I've about had it with my mom. EVERY time I talk to her recently, she slips a comment into the conversation along the lines of "Well, you're so narrow- minded" or "You're a control freak" etc. and it's REALLY starting to hurt my feelings.
I feel like she's saying these things because we're not planning the wedding the way she would plan it. She wanted us to do something at a super manicured garden with no personality (where one of her friends' daughters got married) and in pastel colors. What's we're actually doing is a vintagey sort of picnic on a 40 acre farm with a barn in oranges and teals.
I haven't really consulted her about a whole lot- When I was trying to get her involved with the planning process in the beginning, all she was suggesting was super traditional/ garden party-ish things that I admittedly shot down because that's just not who the FI and I are or what we wanted.
I've tried to get her involved with specific jobs- setting up the catering, which she half assed so we had to follow up and take care of. I think she sees that as being control freaky, but I see it as wanting to make sure we have food at the wedding since she didn't get a contract signed.

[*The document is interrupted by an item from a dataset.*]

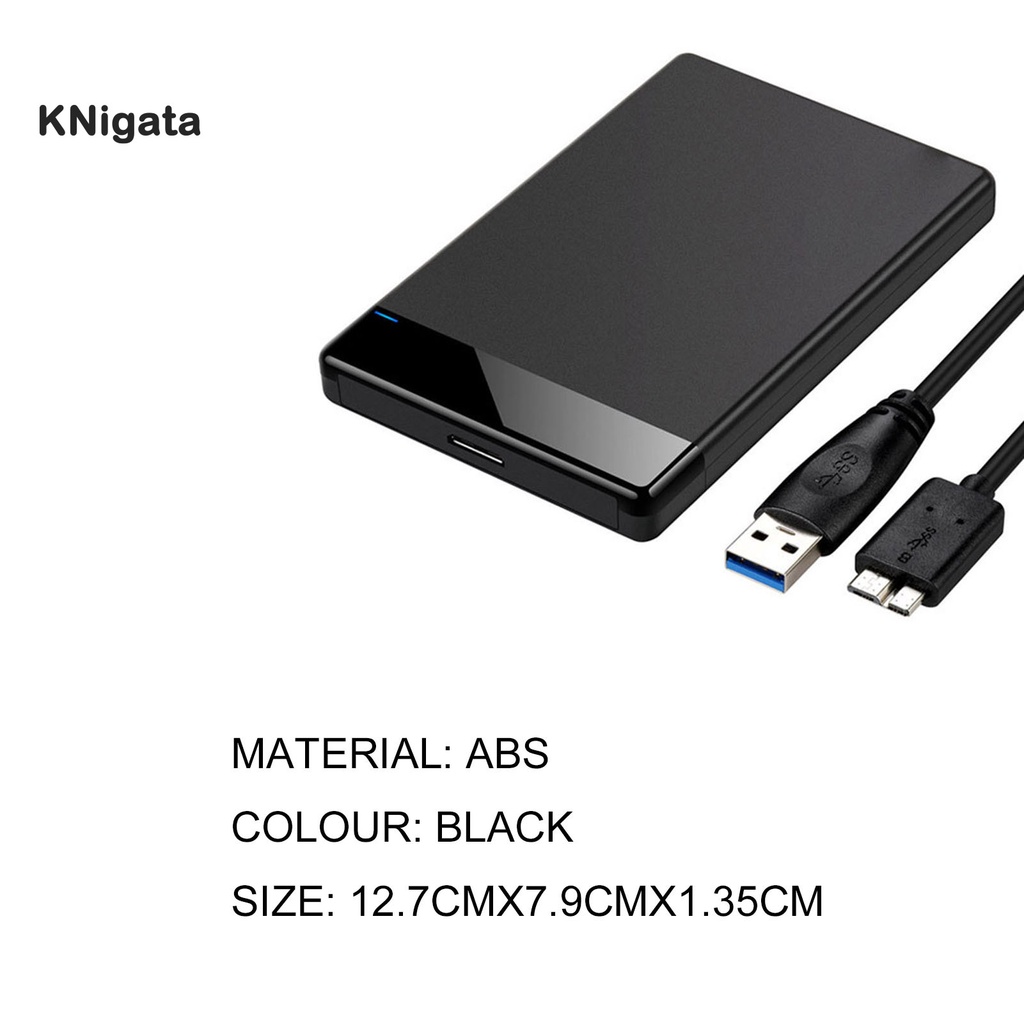 Ổ Cứng Ngoài 2tb 2.5 Inch Usb 3.0 Sata Kèm Phụ Kiện | BigBuy360 - bigbuy360.vn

I've given her a crafty project (crochet 18 doilies for centerpieces), and she's asked for more projects but she hasn't finished the one that she has. I asked her to do the doilies in September, and I think she's managed to do 2. It's not like they're taking that long- She says she can finish one in about 2 hours. I think that she thinks that I'm hoarding all the projects for myself because I trust no one else to do them- In actuallity, I'm doing so much because I'm afraid to rely on her and her falling through.
I guess I'm just sad that she isn't as into our ideas and percieves it as me being stubborn. My FI has pointed out that she has always tried to infantalize me so that she probably sees my opinions/ what I want as teenage stubborness. Except, you know- I'm 30.

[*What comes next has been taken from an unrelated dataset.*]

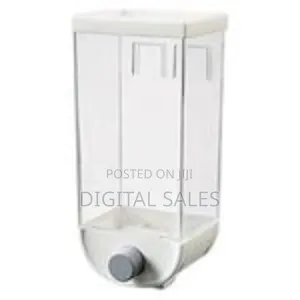 Wall-Mounted Cereal Dispenser,Food Storage Container Organizer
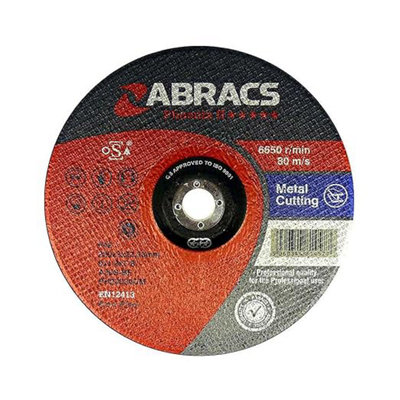 B&Q -  Ph23030Fm Phoenix Ii Flat Metal Cutting Disc230mm X 3mm X 22mm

And really, this is kind of the tip of the iceberg with her- At one point she was trying to buy a floor length, chiffony, super age inappropriate, so-barely-pink-it-was-practically-white dress to wear to the wedding. She was upset that she couldn't invite EVERYONE she knows (a ton of people from her church that FI and I have never even met), and actually tried to justify it by telling me that the wedding just wasn't about me and FI but about the parents too (Side notes: We're trying to keep the guest list small. We don't want a bunch of strangers at our wedding. And she was allowed to invite 30 people, no questions asked about them). When she couldn't invite the 50+ church people, she wanted to have an engagement party at the church with them instead and didn't understand why I thought that was wildly inappropriate. She got pissy about FMIL having to had a few more forgotten family memebers after I had asked for their lists. She's super upset that I'm not spending wedding day eve with her, even though she rented a house for OOT relatives and her and my dad that isn't big enough for me to stay at- She wants me to sleep on the floor the night before my wedding with my MOH.
I don't know. I'm just tired of needing a glass of wine on standby every time I have a phone call with her. I guess I was just expecting her to be more helpful in this process rather than pissy, hurtful, and kind of oblivious.
Is there anything I can do, or should I just stock up on wine and ride it out?